● **Exercise description**
When you reach the line containing "LuigiMarchetti online show" in the records below, start copying exactly, and stop once you have copied the line containing "Etta Twisted Hoop Earrings - Mini".

[[ Working data, beginning ]]

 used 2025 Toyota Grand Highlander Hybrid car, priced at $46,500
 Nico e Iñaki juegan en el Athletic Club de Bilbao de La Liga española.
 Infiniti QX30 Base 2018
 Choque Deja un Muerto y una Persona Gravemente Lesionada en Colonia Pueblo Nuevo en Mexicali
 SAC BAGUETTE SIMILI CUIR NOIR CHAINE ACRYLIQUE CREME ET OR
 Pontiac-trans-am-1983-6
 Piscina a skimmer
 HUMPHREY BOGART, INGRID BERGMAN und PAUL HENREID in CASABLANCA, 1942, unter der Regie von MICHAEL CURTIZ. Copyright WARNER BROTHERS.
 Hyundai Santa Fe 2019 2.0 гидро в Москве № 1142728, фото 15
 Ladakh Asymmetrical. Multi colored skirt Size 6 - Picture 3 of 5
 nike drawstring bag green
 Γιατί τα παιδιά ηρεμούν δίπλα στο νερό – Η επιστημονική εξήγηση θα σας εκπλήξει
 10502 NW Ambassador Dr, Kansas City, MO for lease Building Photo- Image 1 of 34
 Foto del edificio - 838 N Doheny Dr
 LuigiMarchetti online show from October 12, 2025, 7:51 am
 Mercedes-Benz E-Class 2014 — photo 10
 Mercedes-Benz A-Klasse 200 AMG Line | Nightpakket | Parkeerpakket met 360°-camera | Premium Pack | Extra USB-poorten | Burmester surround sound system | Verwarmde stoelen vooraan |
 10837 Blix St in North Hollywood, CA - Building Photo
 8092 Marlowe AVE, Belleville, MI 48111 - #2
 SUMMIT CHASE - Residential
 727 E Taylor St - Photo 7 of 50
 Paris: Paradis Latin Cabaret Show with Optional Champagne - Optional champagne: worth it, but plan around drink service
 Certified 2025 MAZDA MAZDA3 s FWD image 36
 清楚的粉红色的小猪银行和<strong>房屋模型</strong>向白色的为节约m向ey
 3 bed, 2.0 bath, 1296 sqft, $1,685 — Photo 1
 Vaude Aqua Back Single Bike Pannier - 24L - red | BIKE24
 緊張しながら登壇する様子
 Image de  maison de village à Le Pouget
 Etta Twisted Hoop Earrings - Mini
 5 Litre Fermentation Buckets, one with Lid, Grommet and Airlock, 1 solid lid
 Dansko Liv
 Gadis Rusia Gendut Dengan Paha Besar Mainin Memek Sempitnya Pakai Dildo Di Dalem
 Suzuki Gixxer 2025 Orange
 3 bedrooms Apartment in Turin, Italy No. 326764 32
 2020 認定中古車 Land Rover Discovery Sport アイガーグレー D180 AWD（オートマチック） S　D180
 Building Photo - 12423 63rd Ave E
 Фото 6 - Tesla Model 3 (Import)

[[ Working data, end ]]

● **Response to the exercise**
 LuigiMarchetti online show from October 12, 2025, 7:51 am
 Mercedes-Benz E-Class 2014 — photo 10
 Mercedes-Benz A-Klasse 200 AMG Line | Nightpakket | Parkeerpakket met 360°-camera | Premium Pack | Extra USB-poorten | Burmester surround sound system | Verwarmde stoelen vooraan |
 10837 Blix St in North Hollywood, CA - Building Photo
 8092 Marlowe AVE, Belleville, MI 48111 - #2
 SUMMIT CHASE - Residential
 727 E Taylor St - Photo 7 of 50
 Paris: Paradis Latin Cabaret Show with Optional Champagne - Optional champagne: worth it, but plan around drink service
 Certified 2025 MAZDA MAZDA3 s FWD image 36
 清楚的粉红色的小猪银行和<strong>房屋模型</strong>向白色的为节约m向ey
 3 bed, 2.0 bath, 1296 sqft, $1,685 — Photo 1
 Vaude Aqua Back Single Bike Pannier - 24L - red | BIKE24
 緊張しながら登壇する様子
 Image de  maison de village à Le Pouget
 Etta Twisted Hoop Earrings - Mini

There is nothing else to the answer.